1. Drop missing Values ( for non - critical columns )

2. Fill missing values ( for numerical columns )

3. Impute Missing Values ( for continous data )

In [0]:
# Drop rows with missing values in critical columns: 'order_id', 'customer_id', and 'order_status'
orders_df_silver =  orders_df.na.drop(subset=['order_id', 'customer_id', 'order_status'])

In [0]:
orders_df_silver.show()

In [0]:
# Fill missing values in 'order_delivered_customer_date' with a placeholder date '9999-12-31' to indicate undelivered orders.

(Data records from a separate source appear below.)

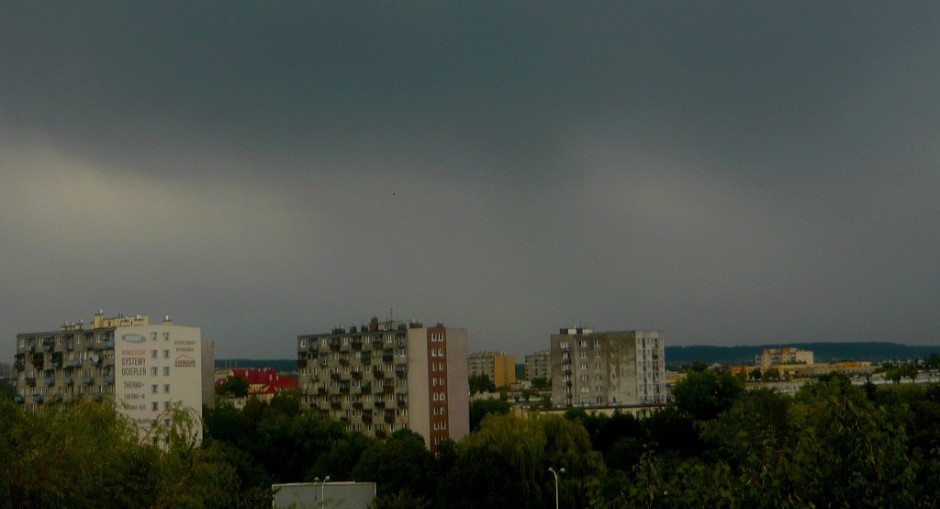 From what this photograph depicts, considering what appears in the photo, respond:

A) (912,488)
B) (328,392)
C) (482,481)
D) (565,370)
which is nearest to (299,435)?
(328,392)

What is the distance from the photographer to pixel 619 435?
82.2 meters

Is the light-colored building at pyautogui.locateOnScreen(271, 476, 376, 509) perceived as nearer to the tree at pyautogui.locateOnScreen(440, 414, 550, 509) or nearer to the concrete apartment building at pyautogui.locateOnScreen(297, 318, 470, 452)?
the tree at pyautogui.locateOnScreen(440, 414, 550, 509)

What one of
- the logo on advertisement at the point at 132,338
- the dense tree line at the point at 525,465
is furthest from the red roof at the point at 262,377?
the dense tree line at the point at 525,465

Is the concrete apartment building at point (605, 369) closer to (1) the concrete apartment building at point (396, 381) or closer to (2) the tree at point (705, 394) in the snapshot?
(1) the concrete apartment building at point (396, 381)

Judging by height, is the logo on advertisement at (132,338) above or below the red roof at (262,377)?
above

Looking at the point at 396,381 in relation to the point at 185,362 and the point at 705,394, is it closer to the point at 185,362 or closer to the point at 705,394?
the point at 185,362

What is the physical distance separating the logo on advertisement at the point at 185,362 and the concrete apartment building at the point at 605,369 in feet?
167

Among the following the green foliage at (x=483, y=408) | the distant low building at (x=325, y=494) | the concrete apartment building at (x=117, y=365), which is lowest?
the green foliage at (x=483, y=408)

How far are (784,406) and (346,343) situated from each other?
38206mm

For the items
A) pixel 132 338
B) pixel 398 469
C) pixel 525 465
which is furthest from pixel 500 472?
pixel 132 338

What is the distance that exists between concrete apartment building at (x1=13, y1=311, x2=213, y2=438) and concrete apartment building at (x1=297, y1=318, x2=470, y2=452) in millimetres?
12766

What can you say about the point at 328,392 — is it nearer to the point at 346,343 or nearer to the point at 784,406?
the point at 346,343

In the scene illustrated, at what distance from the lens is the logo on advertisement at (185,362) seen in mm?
80312

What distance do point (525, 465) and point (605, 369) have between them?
63646 mm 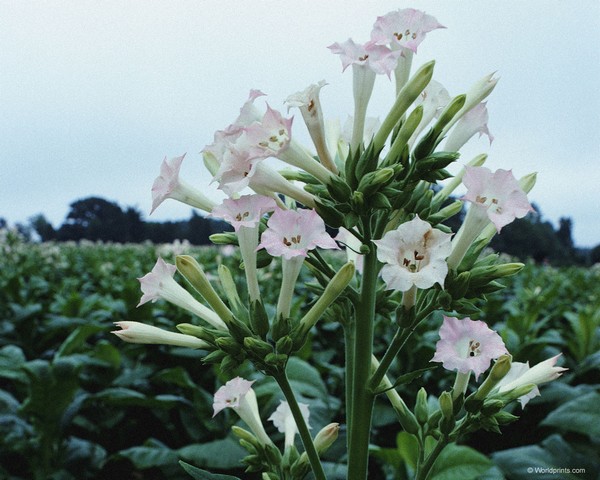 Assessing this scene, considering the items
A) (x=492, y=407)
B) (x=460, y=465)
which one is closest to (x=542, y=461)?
(x=460, y=465)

from pyspark.sql.functions import when, col, lit, to_timestamp

orders_df_silver = orders_df_silver.withColumn(
    'order_delivered_customer_date',
    when(
        col('order_delivered_customer_date').isNull(),
        to_timestamp(lit('9999-12-31'))
    ).otherwise(col('order_delivered_customer_date'))
)

In [0]:
orders_df_silver.show()

# Impute missing values 

In [0]:
# Impute missing values in the 'payment_value' column using the mean strategy and create a new column 'payment_value_imputed'.
from pyspark.ml.feature import Imputer

imputer = Imputer(inputCols=['payment_value'], outputCols=['payment_value_imputed']).setStrategy('mean')
payments_df_silver = imputer.fit(payments_df).transform(payments_df)

In [0]:
payments_df_silver.show()

# Standardizing the format


In [0]:
def print_schema(df,df_name):
    # Print the schema of the given DataFrame with its name
    print(f'schema of {df_name}:')
    df.printSchema()

In [0]:
print_schema(orders_df,'orders')

In [0]:
print_schema(customers_df,'customers')

In [0]:
print_schema(payments_df,'payments')

In [0]:
orders_df_silver.show()

In [0]:
# Convert 'order_purchase_timestamp' to date format to standardize the column for further analysis.
orders_df_silver = orders_df_silver.withColumn('order_purchase_timestamp', to_date(col('order_purchase_timestamp')))

In [0]:
orders_df_silver.show()

In [0]:
payments_df_silver.show()

In [0]:
# Standardize 'payment_type' values for consistency
payments_df_silver = payments_df_silver.withColumn('payment_type',when(col('payment_type')=='boleto','Bank Transfer')
                                                     .when(col('payment_type')=='credit_card','Credit Card')
                                                     .when(col('payment_type')=='debit_card','Debit Card')
                                                    .otherwise('other'))

In [0]:
payments_df_silver.show()

In [0]:
customers_df.printSchema()

In [0]:
customers_df.show()

In [0]:
customers_df_silver = customers_df.withColumn('customer_zip_code_prefix',col('customer_zip_code_prefix').cast('string'))

In [0]:
customers_df_silver.printSchema()

# Remove Duplicate Records

In [0]:
# Remove duplicate customer records based on 'customer_id'
customers_df_silver = customers_df_silver.dropDuplicates(['customer_id'])

# Data Transformation

In [0]:
# Join orders, order items, payments, and customers data to create a unified DataFrame with all order details.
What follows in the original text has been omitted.